Wie an dieser Stelle berichtet und bedauert, hat die Regierung dieses Jahr einen Gesetzesvorschlag zum Thema Datenschutz vorgelegt, der nicht zum Ziel hat, die Menschen in Dänemark vor staatlicher Willkür, Datenmissbrauch und anlassloser Massenüberwachung zu schützen.

Stattdessen soll die in Dänemark praktizierte Vorratsdatenspeicherung legitimiert werden. Alter Wein in neuen Schläuchen also.

Nun ist dieser Gesetzesvorschlag derartig umfangreich, dass die Abgeordneten im Folketing sich mehr Zeit erbeten haben, um ihn studieren zu können, bevor sie ihm zustimmen oder ablehnen.

Dafür äußerte Justizminister Nick Hækkerup jetzt vollstes Verständnis, auch wenn er das Gesetz „schnellstmöglich“ umsetzen wolle.

Wer in der Adventszeit einen Heiligenschein sucht – zumindest einen Scheinheiligen dürften wir in Hækkerup gefunden haben.

Denn der Justizminister hat dem Parlament nur wenige Tage eingeräumt, um das für das Recht auf Privatsphäre für die Menschen in Dänemark zentrale Gesetz zu prüfen.

Und ein gesondertes Interesse daran, die derzeitigen Gesetze zu ändern, haben weder Hækkerup noch dessen Amtsvorgängerinnen und Amtsvorgänger bewiesen.

Seit Jahren verschleppen sie es, das dänische Recht nach dem Urteil des Europäischen Gerichtshofes einzurichten. Darin heißt es klipp und klar, dass die dänische Massenüberwachung illegal ist. Hierzulande werden grundsätzlich und alle Verbindungs-Informationen (wer, wann, wo, mit wem) zu Kurznachrichten-, Internet- und Telefonverbindungen von den Anbietern gespeichert, um sie auf Anforderung Polizei und Geheimdiensten vorzulegen.

Die Regierung versucht nun ein weiteres Mal zu verhindern, dass Dänemark sich dem im Namen des Volkes gesprochenen Urteil endlich anpasst. Mit einem Entwurf, der vorsätzlich so formuliert ist, dass er nicht im Sinne des Urteils umgesetzt werden kann.

Erst wird das Parlament länger brauchen, das Urteil überhaupt zu prüfen. Dann wird es vor allem mit den Stimmen jener Parteien, die sich angeblich für mehr „Freiheit“ einsetzen und für eine vertrauensvolle Gesellschaft, in der mehr „Zusammenhang“ herrscht, durchgestimmt werden.

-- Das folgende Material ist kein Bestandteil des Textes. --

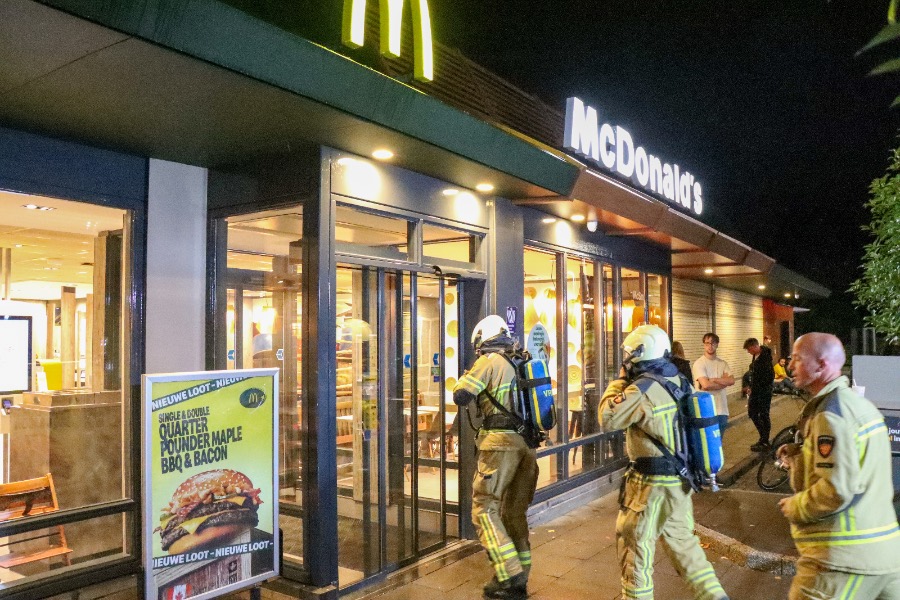 Macdonalds in Emmen ontruimd na vreemde lucht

Wenn es dann, voraussichtlich Mitte 2022 (geplant war bisher der 1. Januar) in Dänemark in Kraft tritt, werden die Telekommunikationsunternehmen alle Hände voll zu tun haben, den Wünschen der Politik gerecht zu werden. Es soll in Zukunft neben der grundsätzlichen Vorratsdatenspeicherung auch zielgerichteter überwacht werden können.

Und dann wird der EuGH das Gesetz erneut prüfen und das Gesetz für illegal befinden. Und dann wird es wieder Jahre dauern, bis ein neues Gesetz vorliegt.

Und die ganze Zeit über wird Dänemark seine Bürgerinnen und Bürger und seine Gäste weiter illegal überwachen.

Gegen europäisches Gesetz, gegen die Warnungen von Juristen, Anwaltsverbänden, Amnesty International und andren, die allen Folketings-Mitgliedern jetzt einen Brief geschrieben haben, um sie an ihr Gewissen als Parlamentarier in einer freiheitlichen Demokratie zu erinnern.

Ob sich alle im Folketing den Brief durchlesen werden? Und ob sie den Gesetzesentwurf überhaupt gründlich lesen und auf seine die Folgen für unser aller Recht auf Privatsphäre hin prüfen werden? Wohl kaum. Ein Nein im Folketing käme bei der derzeitigen Konstellation einem Wunder gleich.

Wie ein Heiligenschein in der Adventszeit.